→ **Data below**
============================================================

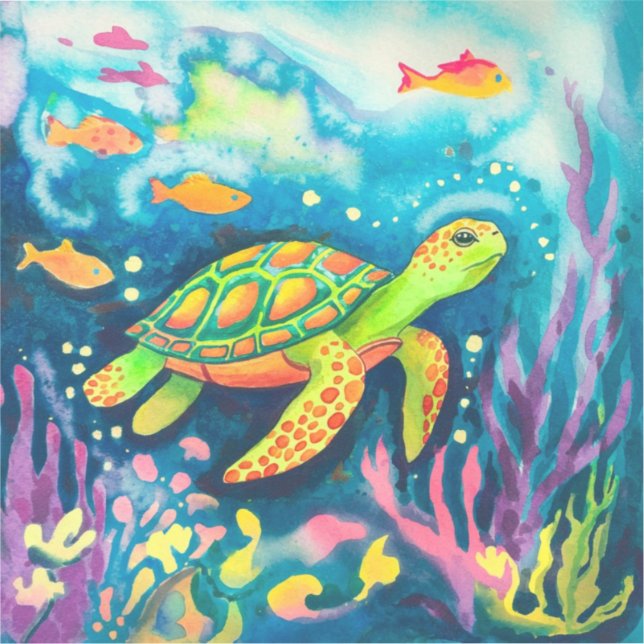 Adesivo Tartaruga de pintura (Frente)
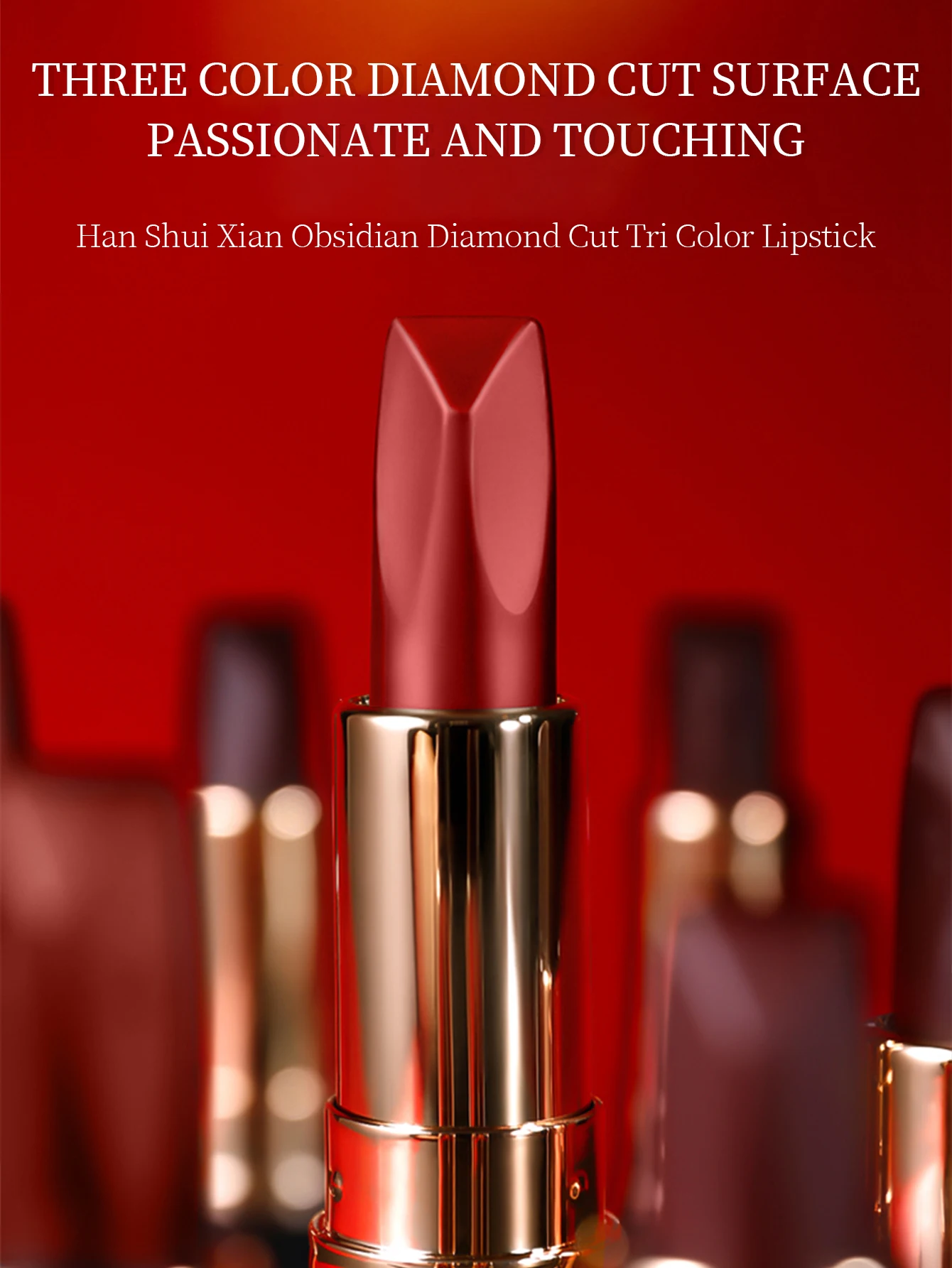 two sets Hanshuixian Obsidian Diamond-cut Three-color Lipstick.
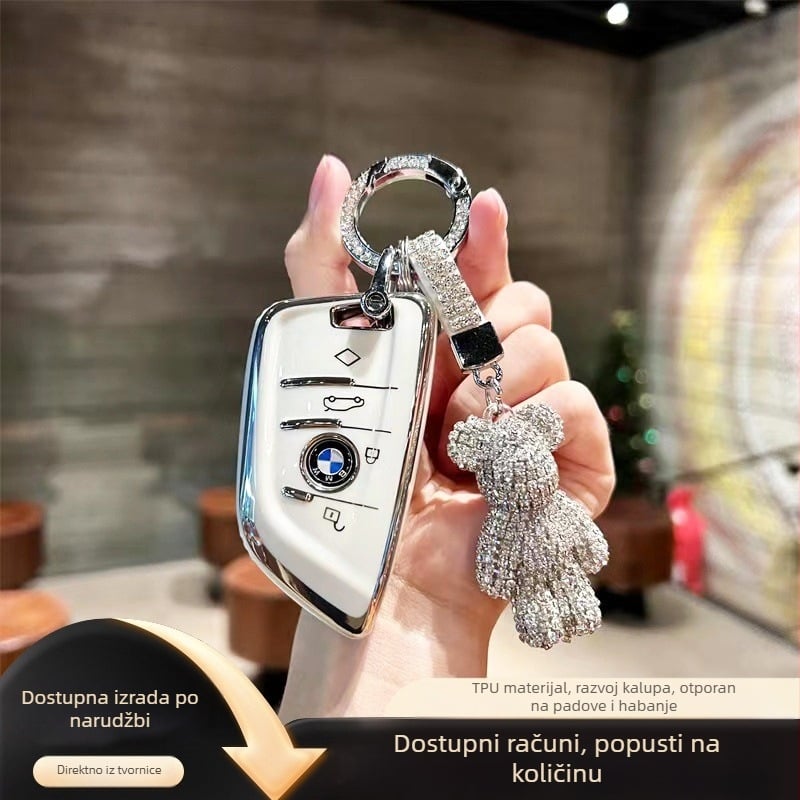 Zaštitni poklopac za ključ BMW za serije 3/5 i X1/X3/X5 s kristalima i privjeskom medvjedićem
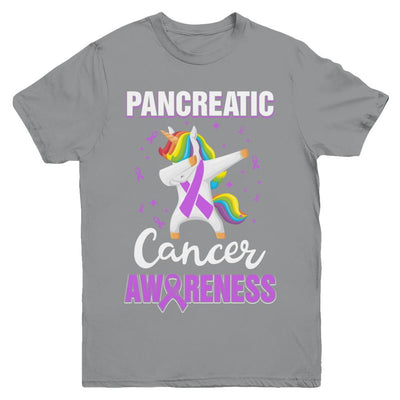 Inspirational Pancreatic Cancer Awareness Unicorn Support Youth-Youth Shirt-Youth T-Shirt-Sport Grey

============================================================

→ **Try it**
Set down the material exactly, every line of it, except for the pictures.

→ **Exercise response**
 Adesivo Tartaruga de pintura (Frente)
 two sets Hanshuixian Obsidian Diamond-cut Three-color Lipstick.
 Zaštitni poklopac za ključ BMW za serije 3/5 i X1/X3/X5 s kristalima i privjeskom medvjedićem
 Inspirational Pancreatic Cancer Awareness Unicorn Support Youth-Youth Shirt-Youth T-Shirt-Sport Grey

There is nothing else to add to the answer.